(Collection entries)

________________

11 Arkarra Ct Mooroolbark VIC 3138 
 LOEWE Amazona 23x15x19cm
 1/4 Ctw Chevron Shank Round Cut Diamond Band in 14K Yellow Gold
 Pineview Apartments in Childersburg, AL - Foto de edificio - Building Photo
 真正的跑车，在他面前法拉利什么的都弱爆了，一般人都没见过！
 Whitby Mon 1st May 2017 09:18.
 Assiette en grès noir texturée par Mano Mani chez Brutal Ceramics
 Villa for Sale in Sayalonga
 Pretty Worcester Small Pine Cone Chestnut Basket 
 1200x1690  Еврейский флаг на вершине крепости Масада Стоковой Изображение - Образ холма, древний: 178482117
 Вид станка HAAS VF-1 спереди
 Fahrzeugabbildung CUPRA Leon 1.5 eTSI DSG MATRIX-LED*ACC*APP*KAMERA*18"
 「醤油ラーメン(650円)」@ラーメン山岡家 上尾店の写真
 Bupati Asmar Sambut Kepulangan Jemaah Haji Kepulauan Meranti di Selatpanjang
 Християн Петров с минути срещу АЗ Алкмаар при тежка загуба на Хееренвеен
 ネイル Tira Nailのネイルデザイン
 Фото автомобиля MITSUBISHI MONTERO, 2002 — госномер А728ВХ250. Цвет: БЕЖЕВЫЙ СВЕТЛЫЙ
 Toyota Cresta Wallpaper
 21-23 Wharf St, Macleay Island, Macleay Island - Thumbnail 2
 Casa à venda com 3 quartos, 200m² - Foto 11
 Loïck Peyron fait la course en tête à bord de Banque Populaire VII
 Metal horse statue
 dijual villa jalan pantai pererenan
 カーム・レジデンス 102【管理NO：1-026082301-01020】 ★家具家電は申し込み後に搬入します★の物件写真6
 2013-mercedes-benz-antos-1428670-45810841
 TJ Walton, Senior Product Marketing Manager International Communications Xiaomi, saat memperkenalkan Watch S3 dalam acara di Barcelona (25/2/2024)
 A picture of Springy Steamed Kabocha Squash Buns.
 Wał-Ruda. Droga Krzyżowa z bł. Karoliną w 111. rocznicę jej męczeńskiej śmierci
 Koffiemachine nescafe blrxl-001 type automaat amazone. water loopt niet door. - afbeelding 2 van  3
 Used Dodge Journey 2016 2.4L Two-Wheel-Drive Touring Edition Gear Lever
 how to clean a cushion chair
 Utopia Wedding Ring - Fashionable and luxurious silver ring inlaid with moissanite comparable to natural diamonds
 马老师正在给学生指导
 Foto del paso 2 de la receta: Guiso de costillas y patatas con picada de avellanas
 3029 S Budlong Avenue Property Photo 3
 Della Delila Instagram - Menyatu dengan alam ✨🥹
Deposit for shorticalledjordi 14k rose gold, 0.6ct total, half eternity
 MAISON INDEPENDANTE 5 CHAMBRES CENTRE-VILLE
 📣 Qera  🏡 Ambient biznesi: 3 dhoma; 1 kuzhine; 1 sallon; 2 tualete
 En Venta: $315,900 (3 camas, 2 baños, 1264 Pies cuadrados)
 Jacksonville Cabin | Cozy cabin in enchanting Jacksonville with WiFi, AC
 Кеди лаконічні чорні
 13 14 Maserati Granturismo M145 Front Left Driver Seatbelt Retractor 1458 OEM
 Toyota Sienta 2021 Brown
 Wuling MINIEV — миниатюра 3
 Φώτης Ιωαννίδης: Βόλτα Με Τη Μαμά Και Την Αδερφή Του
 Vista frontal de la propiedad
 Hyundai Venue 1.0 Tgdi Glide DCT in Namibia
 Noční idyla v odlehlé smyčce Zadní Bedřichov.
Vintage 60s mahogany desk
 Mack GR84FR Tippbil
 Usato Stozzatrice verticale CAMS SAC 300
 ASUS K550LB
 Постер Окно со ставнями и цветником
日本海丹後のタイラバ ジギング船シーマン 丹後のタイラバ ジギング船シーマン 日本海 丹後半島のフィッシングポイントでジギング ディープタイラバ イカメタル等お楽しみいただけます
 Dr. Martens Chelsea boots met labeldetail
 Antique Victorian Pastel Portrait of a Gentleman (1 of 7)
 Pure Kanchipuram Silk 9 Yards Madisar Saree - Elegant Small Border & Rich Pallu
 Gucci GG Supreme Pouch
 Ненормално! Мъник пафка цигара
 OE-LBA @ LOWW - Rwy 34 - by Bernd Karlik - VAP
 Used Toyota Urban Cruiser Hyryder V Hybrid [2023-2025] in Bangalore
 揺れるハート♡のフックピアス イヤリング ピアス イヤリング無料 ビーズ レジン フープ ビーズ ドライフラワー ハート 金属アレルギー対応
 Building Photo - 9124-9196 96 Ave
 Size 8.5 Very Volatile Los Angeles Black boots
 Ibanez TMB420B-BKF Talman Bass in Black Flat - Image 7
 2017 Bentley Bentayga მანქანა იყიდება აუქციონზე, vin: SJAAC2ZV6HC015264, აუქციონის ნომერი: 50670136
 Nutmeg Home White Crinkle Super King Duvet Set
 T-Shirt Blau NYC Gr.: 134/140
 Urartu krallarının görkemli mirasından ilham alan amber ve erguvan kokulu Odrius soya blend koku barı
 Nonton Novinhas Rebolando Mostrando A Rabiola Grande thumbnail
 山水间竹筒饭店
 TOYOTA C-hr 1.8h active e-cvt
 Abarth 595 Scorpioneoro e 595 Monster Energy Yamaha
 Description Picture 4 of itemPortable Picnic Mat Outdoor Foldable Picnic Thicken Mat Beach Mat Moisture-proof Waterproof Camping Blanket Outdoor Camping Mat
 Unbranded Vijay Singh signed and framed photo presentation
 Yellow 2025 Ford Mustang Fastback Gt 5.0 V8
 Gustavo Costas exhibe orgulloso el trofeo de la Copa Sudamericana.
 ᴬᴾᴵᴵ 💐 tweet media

________________

# [The problem]
The answer must reproduce every record exactly.

# [Answer]
11 Arkarra Ct Mooroolbark VIC 3138 
 LOEWE Amazona 23x15x19cm
 1/4 Ctw Chevron Shank Round Cut Diamond Band in 14K Yellow Gold
 Pineview Apartments in Childersburg, AL - Foto de edificio - Building Photo
 真正的跑车，在他面前法拉利什么的都弱爆了，一般人都没见过！
 Whitby Mon 1st May 2017 09:18.
 Assiette en grès noir texturée par Mano Mani chez Brutal Ceramics
 Villa for Sale in Sayalonga
 Pretty Worcester Small Pine Cone Chestnut Basket 
 1200x1690  Еврейский флаг на вершине крепости Масада Стоковой Изображение - Образ холма, древний: 178482117
 Вид станка HAAS VF-1 спереди
 Fahrzeugabbildung CUPRA Leon 1.5 eTSI DSG MATRIX-LED*ACC*APP*KAMERA*18"
 「醤油ラーメン(650円)」@ラーメン山岡家 上尾店の写真
 Bupati Asmar Sambut Kepulangan Jemaah Haji Kepulauan Meranti di Selatpanjang
 Християн Петров с минути срещу АЗ Алкмаар при тежка загуба на Хееренвеен
 ネイル Tira Nailのネイルデザイン
 Фото автомобиля MITSUBISHI MONTERO, 2002 — госномер А728ВХ250. Цвет: БЕЖЕВЫЙ СВЕТЛЫЙ
 Toyota Cresta Wallpaper
 21-23 Wharf St, Macleay Island, Macleay Island - Thumbnail 2
 Casa à venda com 3 quartos, 200m² - Foto 11
 Loïck Peyron fait la course en tête à bord de Banque Populaire VII
 Metal horse statue
 dijual villa jalan pantai pererenan
 カーム・レジデンス 102【管理NO：1-026082301-01020】 ★家具家電は申し込み後に搬入します★の物件写真6
 2013-mercedes-benz-antos-1428670-45810841
 TJ Walton, Senior Product Marketing Manager International Communications Xiaomi, saat memperkenalkan Watch S3 dalam acara di Barcelona (25/2/2024)
 A picture of Springy Steamed Kabocha Squash Buns.
 Wał-Ruda. Droga Krzyżowa z bł. Karoliną w 111. rocznicę jej męczeńskiej śmierci
 Koffiemachine nescafe blrxl-001 type automaat amazone. water loopt niet door. - afbeelding 2 van  3
 Used Dodge Journey 2016 2.4L Two-Wheel-Drive Touring Edition Gear Lever
 how to clean a cushion chair
 Utopia Wedding Ring - Fashionable and luxurious silver ring inlaid with moissanite comparable to natural diamonds
 马老师正在给学生指导
 Foto del paso 2 de la receta: Guiso de costillas y patatas con picada de avellanas
 3029 S Budlong Avenue Property Photo 3
 Della Delila Instagram - Menyatu dengan alam ✨🥹
Deposit for shorticalledjordi 14k rose gold, 0.6ct total, half eternity
 MAISON INDEPENDANTE 5 CHAMBRES CENTRE-VILLE
 📣 Qera  🏡 Ambient biznesi: 3 dhoma; 1 kuzhine; 1 sallon; 2 tualete
 En Venta: $315,900 (3 camas, 2 baños, 1264 Pies cuadrados)
 Jacksonville Cabin | Cozy cabin in enchanting Jacksonville with WiFi, AC
 Кеди лаконічні чорні
 13 14 Maserati Granturismo M145 Front Left Driver Seatbelt Retractor 1458 OEM
 Toyota Sienta 2021 Brown
 Wuling MINIEV — миниатюра 3
 Φώτης Ιωαννίδης: Βόλτα Με Τη Μαμά Και Την Αδερφή Του
 Vista frontal de la propiedad
 Hyundai Venue 1.0 Tgdi Glide DCT in Namibia
 Noční idyla v odlehlé smyčce Zadní Bedřichov.
Vintage 60s mahogany desk
 Mack GR84FR Tippbil
 Usato Stozzatrice verticale CAMS SAC 300
 ASUS K550LB
 Постер Окно со ставнями и цветником
日本海丹後のタイラバ ジギング船シーマン 丹後のタイラバ ジギング船シーマン 日本海 丹後半島のフィッシングポイントでジギング ディープタイラバ イカメタル等お楽しみいただけます
 Dr. Martens Chelsea boots met labeldetail
 Antique Victorian Pastel Portrait of a Gentleman (1 of 7)
 Pure Kanchipuram Silk 9 Yards Madisar Saree - Elegant Small Border & Rich Pallu
 Gucci GG Supreme Pouch
 Ненормално! Мъник пафка цигара
 OE-LBA @ LOWW - Rwy 34 - by Bernd Karlik - VAP
 Used Toyota Urban Cruiser Hyryder V Hybrid [2023-2025] in Bangalore
 揺れるハート♡のフックピアス イヤリング ピアス イヤリング無料 ビーズ レジン フープ ビーズ ドライフラワー ハート 金属アレルギー対応
 Building Photo - 9124-9196 96 Ave
 Size 8.5 Very Volatile Los Angeles Black boots
 Ibanez TMB420B-BKF Talman Bass in Black Flat - Image 7
 2017 Bentley Bentayga მანქანა იყიდება აუქციონზე, vin: SJAAC2ZV6HC015264, აუქციონის ნომერი: 50670136
 Nutmeg Home White Crinkle Super King Duvet Set
 T-Shirt Blau NYC Gr.: 134/140
 Urartu krallarının görkemli mirasından ilham alan amber ve erguvan kokulu Odrius soya blend koku barı
 Nonton Novinhas Rebolando Mostrando A Rabiola Grande thumbnail
 山水间竹筒饭店
 TOYOTA C-hr 1.8h active e-cvt
 Abarth 595 Scorpioneoro e 595 Monster Energy Yamaha
 Description Picture 4 of itemPortable Picnic Mat Outdoor Foldable Picnic Thicken Mat Beach Mat Moisture-proof Waterproof Camping Blanket Outdoor Camping Mat
 Unbranded Vijay Singh signed and framed photo presentation
 Yellow 2025 Ford Mustang Fastback Gt 5.0 V8
 Gustavo Costas exhibe orgulloso el trofeo de la Copa Sudamericana.
 ᴬᴾᴵᴵ 💐 tweet media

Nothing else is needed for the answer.